Thai politician (1902–1995)

Sanguan Tularaksa (สงวน ตุลารักษ์; ; June 18, 1902 – May 15, 1995) was a Thai politician and a leading member of the Seri Thai. Sanguan was of Chinese descent and was of Teochew origins.

A longtime Pridi Banomyong acolyte and member of the 1932 coup group, Sanguan was a member of the National Assembly and Chairman of the Bureau of Tobacco Monopoly in the Ministry of Finance.

In 1943 he was made the leader of a delegation sent by the Free Thai leader to establish contacts with the Allies at Chungking. His efforts proved crucial to the securing of British and American support for the underground movement, which would soon receive arms and equipment for effective guerrilla operations.

In 1946 he was appointed ambassador to the Republic of China.
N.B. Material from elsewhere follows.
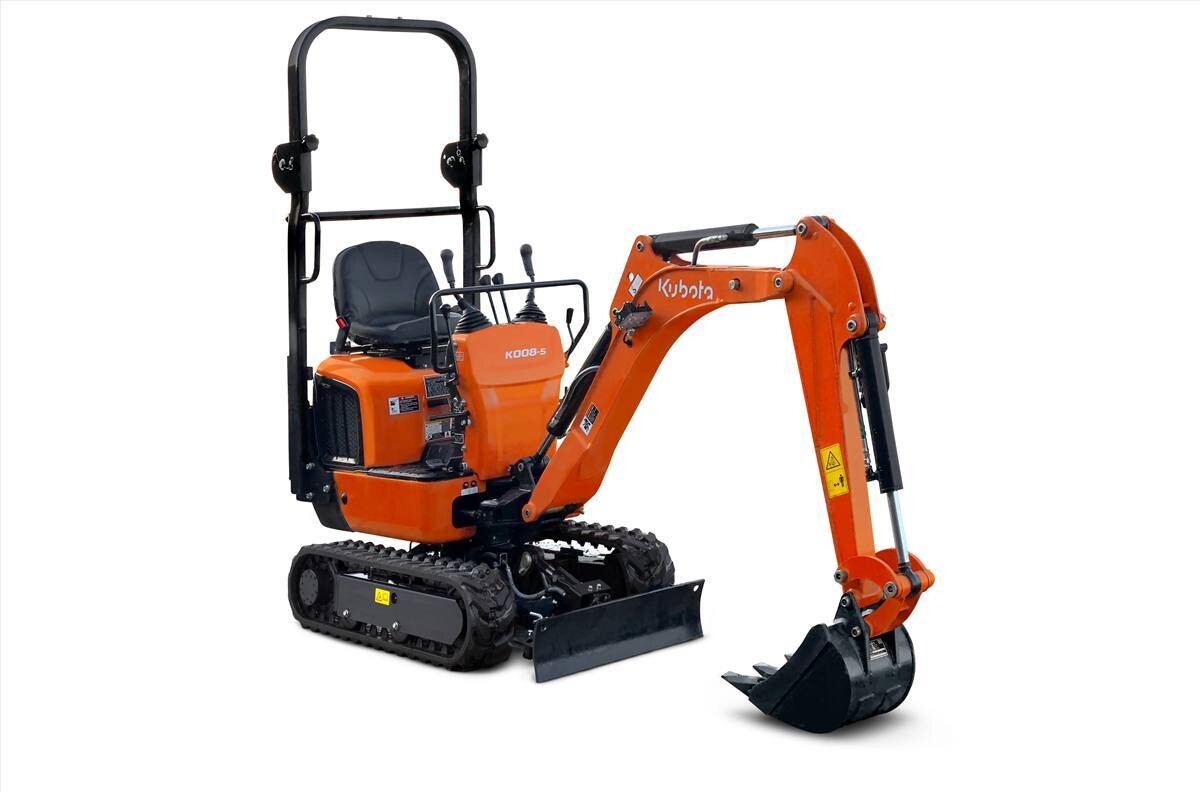 KUBOTA EXCAVATOR - ULTRA COMPACT K 008-3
He refused to return to Thailand following the coup d'état of 1947, declaring that the new constitution was illegitimate. Sanguan spent the next decade living in China. He returned to Thailand in 1957 and was jailed by the government of Field Marshal Sarit Thanarat. He was released in 1965.

Sanguan was married to Wibun "Bunma" Wimonprapha and had two children named Ramphai (his daughter) and Kraisi (his son). His younger brother was Krachang Tularak.